Tuesday, February 28, 2012

The Worst Two Weeks Ever

Two weeks ago I was laying on my hotel bed in North Conway, New Hampshire, having just finished two days of ice climbing in the White Mountains.

Two weeks ago seems like ancient history.

It all started on a Friday night. I returned to my room around 4:30 p.m. feeling dead tired. Like I had just been in a fight -- one that I didn't win. I figured my exhaustion was due to two days of hard climbing and that the best cure would be a good night's sleep. Plus I had only five days before setting off on my three-month tour of the South Pacific and Asia and there was much preparation to do. I needed my rest.

Unfortunately I did not get much, waking around midnight with a terrible headache. "Did I fall and hit my head?" I didn't remember hitting my head. "Maybe I have a concussion? Is that possible?"

My night was spent tossing and turning, replaying every slip of my ice axes and crampons trying to figure out if and when I smacked my head off the ice.

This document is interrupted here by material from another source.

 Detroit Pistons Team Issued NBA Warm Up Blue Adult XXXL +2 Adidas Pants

Or could falling ice be the culprit? At 6:00 a.m., having not fallen back asleep, I dragged myself out of bed and set off for the three-hour drive back to Boston to catch my flight to Toronto.

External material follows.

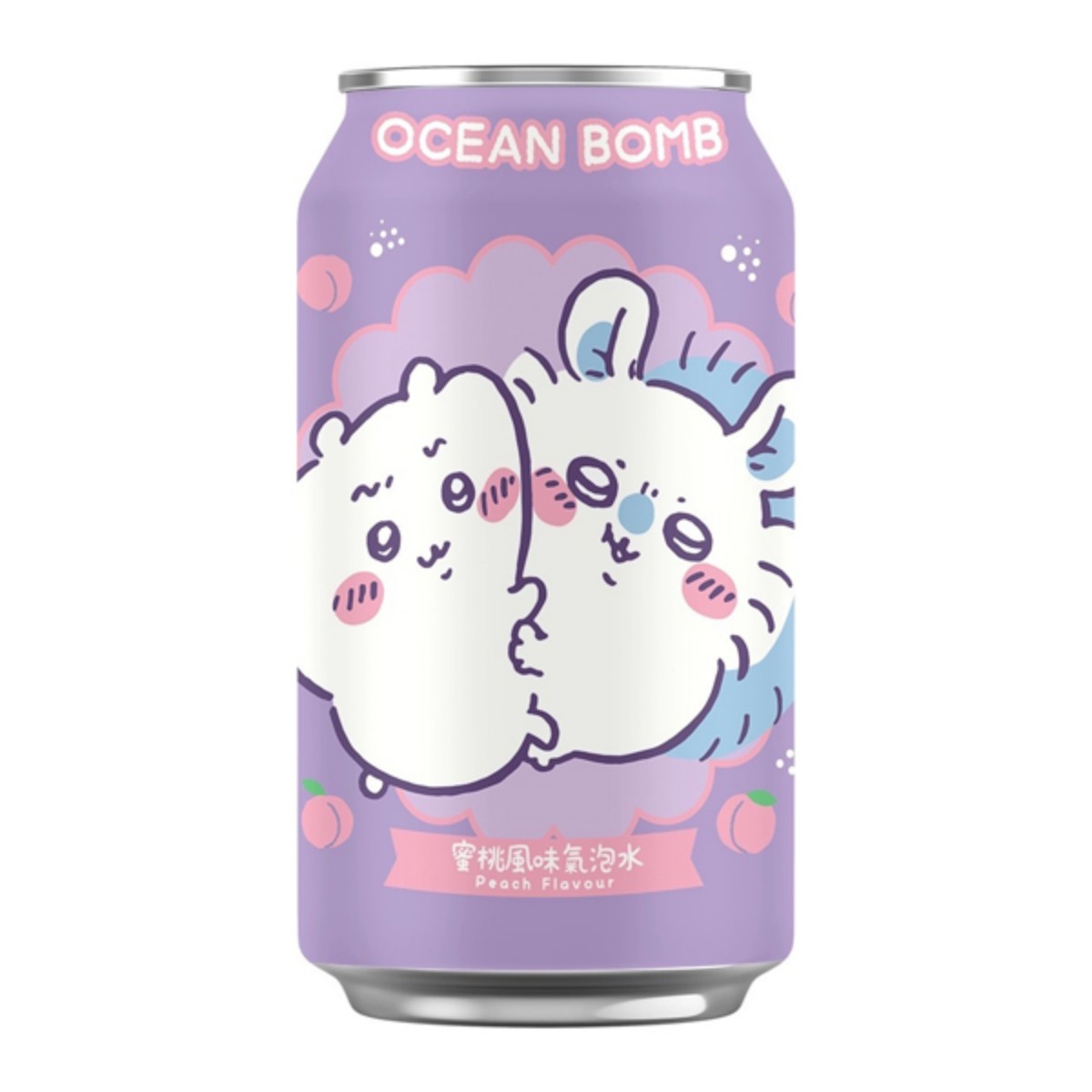 Ocean Bomb- ちいかわ 白桃風味炭酸水 330ml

Like my sleep the drive did not go well. My head felt fuzzy and tired, though I convinced myself this was only a result of lack of sleep. I'd sleep it off when I got home for sure.

Only that I didn't. I woke Sunday morning with the same headache, which, now, was accompanied by general miserableness. It was then that I had perhaps the greatest idea of my life: I determined that I was feeling terrible because I'd been sitting around for a day and half doing nothing; what I needed was a little exercise. So I decided to go rock climbing!

My decision did not have its desired effect and my splitting headache turned into a paralyzing one. (For those who judge, hindsight is 20/20!) At 11:30 p.m. I set off for the ER and spent the night in the hospital. At 5:30 a.m. the ER doc came into my room and said I was free to go: "Sir," he said, "you have a concussion. Take some Tylenol." So I went home to bed.

But I woke with a rash spreading from my spine, around my left side, onto my chest. Shingles?! Then my brilliant medical insight: "This is not a concussion!" So I put my limited googling skills to work to determine the true source of my "sickness" (as certain friends have come to affectionately describe my dispair). "Do I have meningitis?" Thinking as much I made a beeline for the hospital where my self-diagnosis was confirmed by a lumbar puncture (which, by the way, is as pleasant as it sounds): I had viral meningitis.

I spent the next two weeks on the mend -- the first in the hospital and the second at home self-administering IV treatment three-times per day. I'm feeling much better now and hoping to resume my travels on Thursday when I'm scheduled to depart for a three-week stay in New Zealand. Thanks to all for the well wishes and especially to those who put up with my whining over the past two weeks. Hopefully my next blog post will be about cool Kiwi ascents and swimming with dolphins.